Mexico’s small Citizen’s Movement party nominates congressman for president
MEXICO CITY (AP) — Mexico’s small Citizen’s Movement party on Wednesday nominated a youthful, little-known congressman to run for president in the June 2 election campaign that has been dominated by two women.
The party announced that its candidate will be Rep. Jorge Álvarez Máynez, 38, who takes up the mantle from a Citizen’s Movement candidate who dropped out in December. He will face front-runner Claudia Sheinbaum of the ruling Morena party, and opposition coalition candidate Xochitl Gálvez.
Sheinbaum leads and Gálvez takes second place in most polls on the race, practically ensuring that the country will see its first female president in 2024.
While Álvarez Máynez is seen as having little chance of winning, his candidacy could help preserve his party’s access to government funding.

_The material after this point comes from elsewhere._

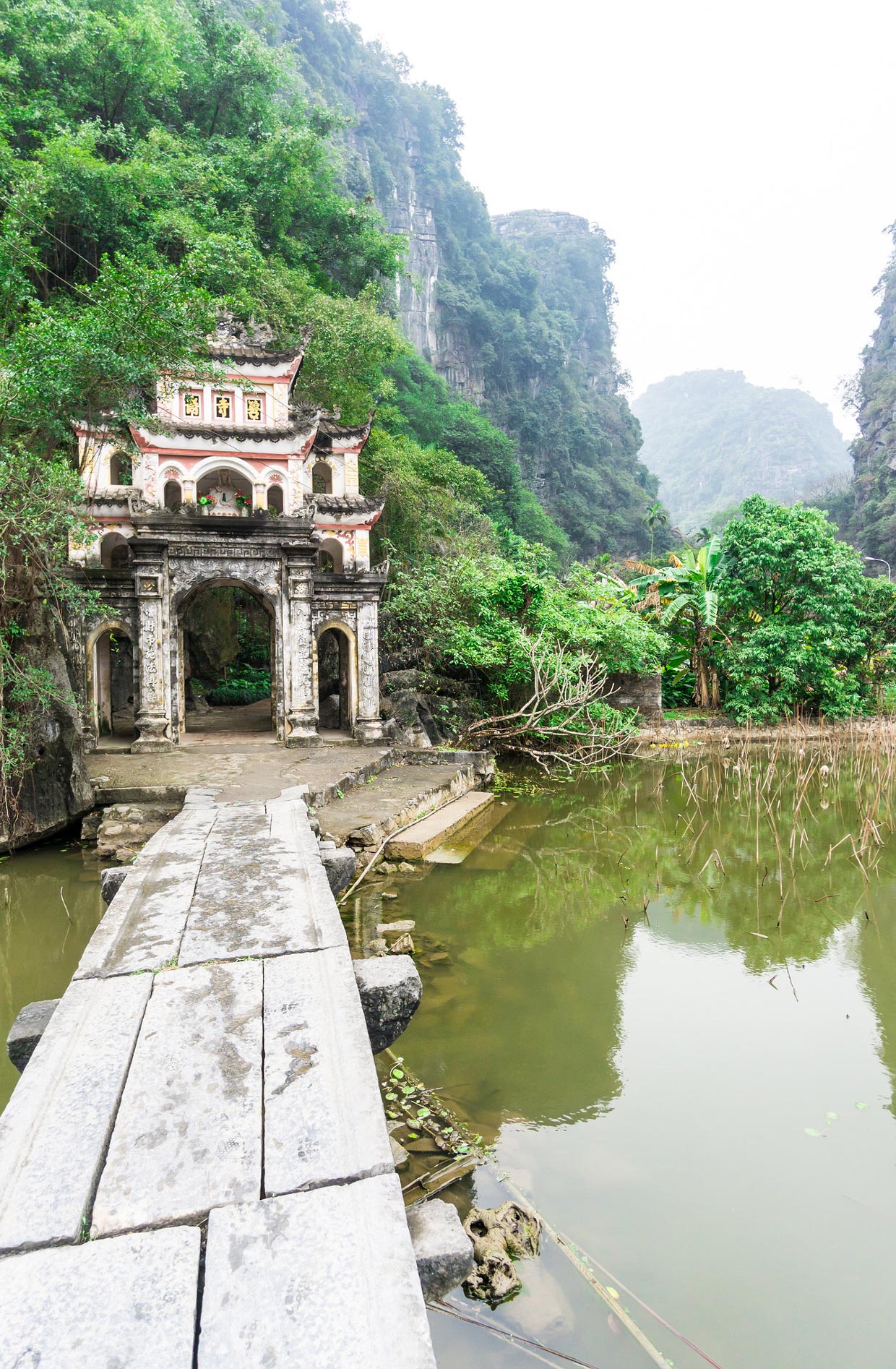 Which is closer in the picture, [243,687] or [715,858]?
[715,858]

In Mexico, parties must win at least 2% of votes in federal elections to preserve their registration; registered parties receive most of their campaign funding from the government.

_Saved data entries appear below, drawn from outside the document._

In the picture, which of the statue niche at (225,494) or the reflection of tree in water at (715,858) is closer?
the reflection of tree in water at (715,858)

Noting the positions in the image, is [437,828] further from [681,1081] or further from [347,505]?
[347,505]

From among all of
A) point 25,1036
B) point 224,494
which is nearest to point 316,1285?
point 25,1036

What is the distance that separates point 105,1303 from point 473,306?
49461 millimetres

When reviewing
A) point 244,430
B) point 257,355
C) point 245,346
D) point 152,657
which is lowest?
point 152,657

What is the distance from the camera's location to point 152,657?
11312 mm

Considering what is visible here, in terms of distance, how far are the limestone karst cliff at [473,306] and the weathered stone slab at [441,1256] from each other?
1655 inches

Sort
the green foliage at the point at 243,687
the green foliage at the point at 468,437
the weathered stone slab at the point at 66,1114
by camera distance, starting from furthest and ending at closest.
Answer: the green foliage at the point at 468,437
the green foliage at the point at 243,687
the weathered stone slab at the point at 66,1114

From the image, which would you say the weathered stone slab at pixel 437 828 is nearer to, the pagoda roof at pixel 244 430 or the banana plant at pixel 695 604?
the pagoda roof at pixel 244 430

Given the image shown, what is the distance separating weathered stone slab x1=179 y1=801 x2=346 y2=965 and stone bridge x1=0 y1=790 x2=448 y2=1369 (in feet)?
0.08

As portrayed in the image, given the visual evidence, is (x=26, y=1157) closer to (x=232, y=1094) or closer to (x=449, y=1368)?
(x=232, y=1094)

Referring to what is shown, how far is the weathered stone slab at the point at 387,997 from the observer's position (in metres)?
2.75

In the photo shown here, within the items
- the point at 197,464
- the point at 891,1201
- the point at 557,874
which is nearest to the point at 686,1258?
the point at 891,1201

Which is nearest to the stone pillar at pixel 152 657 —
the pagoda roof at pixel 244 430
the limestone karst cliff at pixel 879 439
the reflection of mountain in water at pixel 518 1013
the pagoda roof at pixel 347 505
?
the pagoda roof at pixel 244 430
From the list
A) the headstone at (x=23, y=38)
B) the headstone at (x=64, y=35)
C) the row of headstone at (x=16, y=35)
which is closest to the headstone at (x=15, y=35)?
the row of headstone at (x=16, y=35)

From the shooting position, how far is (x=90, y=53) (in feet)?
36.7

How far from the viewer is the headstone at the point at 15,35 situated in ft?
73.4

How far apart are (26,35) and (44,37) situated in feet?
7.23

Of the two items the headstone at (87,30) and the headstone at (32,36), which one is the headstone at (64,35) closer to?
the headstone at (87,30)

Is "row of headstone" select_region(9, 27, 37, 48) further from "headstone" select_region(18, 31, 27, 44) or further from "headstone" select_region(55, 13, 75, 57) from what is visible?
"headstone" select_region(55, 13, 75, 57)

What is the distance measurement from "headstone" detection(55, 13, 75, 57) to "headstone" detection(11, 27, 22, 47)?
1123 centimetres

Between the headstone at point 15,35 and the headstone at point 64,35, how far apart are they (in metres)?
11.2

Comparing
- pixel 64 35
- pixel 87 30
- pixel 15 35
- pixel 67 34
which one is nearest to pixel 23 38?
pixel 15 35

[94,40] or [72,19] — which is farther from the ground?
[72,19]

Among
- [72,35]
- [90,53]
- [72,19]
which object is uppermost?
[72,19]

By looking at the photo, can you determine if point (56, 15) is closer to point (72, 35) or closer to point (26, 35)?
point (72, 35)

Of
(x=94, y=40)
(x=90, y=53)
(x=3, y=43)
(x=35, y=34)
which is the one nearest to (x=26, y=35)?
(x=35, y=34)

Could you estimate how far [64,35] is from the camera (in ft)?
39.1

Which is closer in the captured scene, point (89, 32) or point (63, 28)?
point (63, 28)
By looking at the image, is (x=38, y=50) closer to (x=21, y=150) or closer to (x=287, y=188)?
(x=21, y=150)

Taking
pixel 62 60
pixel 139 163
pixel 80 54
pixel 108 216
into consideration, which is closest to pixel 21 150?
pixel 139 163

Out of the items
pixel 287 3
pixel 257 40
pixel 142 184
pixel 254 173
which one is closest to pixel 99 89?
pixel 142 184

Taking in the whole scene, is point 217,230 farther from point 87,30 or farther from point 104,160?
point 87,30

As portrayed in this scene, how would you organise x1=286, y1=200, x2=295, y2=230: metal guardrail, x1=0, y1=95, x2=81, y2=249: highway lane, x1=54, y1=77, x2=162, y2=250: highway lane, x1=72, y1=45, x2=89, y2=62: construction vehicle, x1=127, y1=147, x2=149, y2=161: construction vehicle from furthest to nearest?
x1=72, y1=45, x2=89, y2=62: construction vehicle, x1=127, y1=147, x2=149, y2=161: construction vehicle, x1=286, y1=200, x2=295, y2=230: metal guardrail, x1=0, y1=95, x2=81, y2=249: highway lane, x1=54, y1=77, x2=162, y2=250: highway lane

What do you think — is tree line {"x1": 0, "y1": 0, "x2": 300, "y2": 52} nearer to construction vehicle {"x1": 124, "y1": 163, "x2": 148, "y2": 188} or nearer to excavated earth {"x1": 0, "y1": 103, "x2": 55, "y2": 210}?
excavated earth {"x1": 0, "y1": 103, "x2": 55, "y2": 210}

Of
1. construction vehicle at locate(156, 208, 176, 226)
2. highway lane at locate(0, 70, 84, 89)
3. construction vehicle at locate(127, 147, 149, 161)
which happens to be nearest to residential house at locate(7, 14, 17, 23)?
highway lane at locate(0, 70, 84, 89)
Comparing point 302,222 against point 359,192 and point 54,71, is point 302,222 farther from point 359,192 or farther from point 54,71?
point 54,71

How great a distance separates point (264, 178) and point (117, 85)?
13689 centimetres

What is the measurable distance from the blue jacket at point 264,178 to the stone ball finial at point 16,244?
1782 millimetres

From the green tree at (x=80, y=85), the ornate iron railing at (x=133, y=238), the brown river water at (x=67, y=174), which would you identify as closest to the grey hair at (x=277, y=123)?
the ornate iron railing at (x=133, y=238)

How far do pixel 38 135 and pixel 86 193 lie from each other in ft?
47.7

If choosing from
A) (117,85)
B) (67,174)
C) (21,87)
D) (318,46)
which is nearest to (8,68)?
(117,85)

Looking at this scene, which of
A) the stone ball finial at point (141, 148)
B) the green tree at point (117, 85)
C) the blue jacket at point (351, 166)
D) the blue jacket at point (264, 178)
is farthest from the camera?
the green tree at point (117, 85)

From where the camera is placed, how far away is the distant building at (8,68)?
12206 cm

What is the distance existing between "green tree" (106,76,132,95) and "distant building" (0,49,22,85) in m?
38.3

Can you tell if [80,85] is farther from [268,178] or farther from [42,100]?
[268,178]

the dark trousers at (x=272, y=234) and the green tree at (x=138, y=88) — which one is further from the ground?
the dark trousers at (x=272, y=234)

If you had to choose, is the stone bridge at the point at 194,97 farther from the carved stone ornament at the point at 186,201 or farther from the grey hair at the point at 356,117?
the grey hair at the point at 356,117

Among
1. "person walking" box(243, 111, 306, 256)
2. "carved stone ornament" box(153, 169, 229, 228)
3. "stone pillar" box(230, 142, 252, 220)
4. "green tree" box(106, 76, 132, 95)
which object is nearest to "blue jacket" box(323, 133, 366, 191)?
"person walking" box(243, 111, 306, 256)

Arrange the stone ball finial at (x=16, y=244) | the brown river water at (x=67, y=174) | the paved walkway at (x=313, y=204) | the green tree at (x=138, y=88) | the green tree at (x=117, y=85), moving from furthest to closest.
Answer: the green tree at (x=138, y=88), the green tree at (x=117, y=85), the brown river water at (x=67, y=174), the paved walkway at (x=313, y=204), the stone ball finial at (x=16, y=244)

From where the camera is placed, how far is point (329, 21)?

Short on specific proposals, and dogged by criticism that the Citizen’s Movement is subservient to the ruling Morena party, the party’s campaign has prominently featured the color orange — particularly orange sneakers — and a singing indigenous boy (now young man) named Yuawi López who has appeared in campaign ads.
Álvarez Máynez appeared in his first campaign video with bright orange sneakers.
The party nominated Álvarez Máynez under the slogan “The Candidate of the New,” claiming he is the only candidate who appeals to the country’s youth.
“What new means is a totally different idea of consistency and legality,” the candidate said in his acceptance speech Wednesday.
In his platform, Álvarez Máynez tried to strike a middle path between Morena’s benefit programs and the conservative opposition’s focus on entrepreneurs, saying there should be room for both.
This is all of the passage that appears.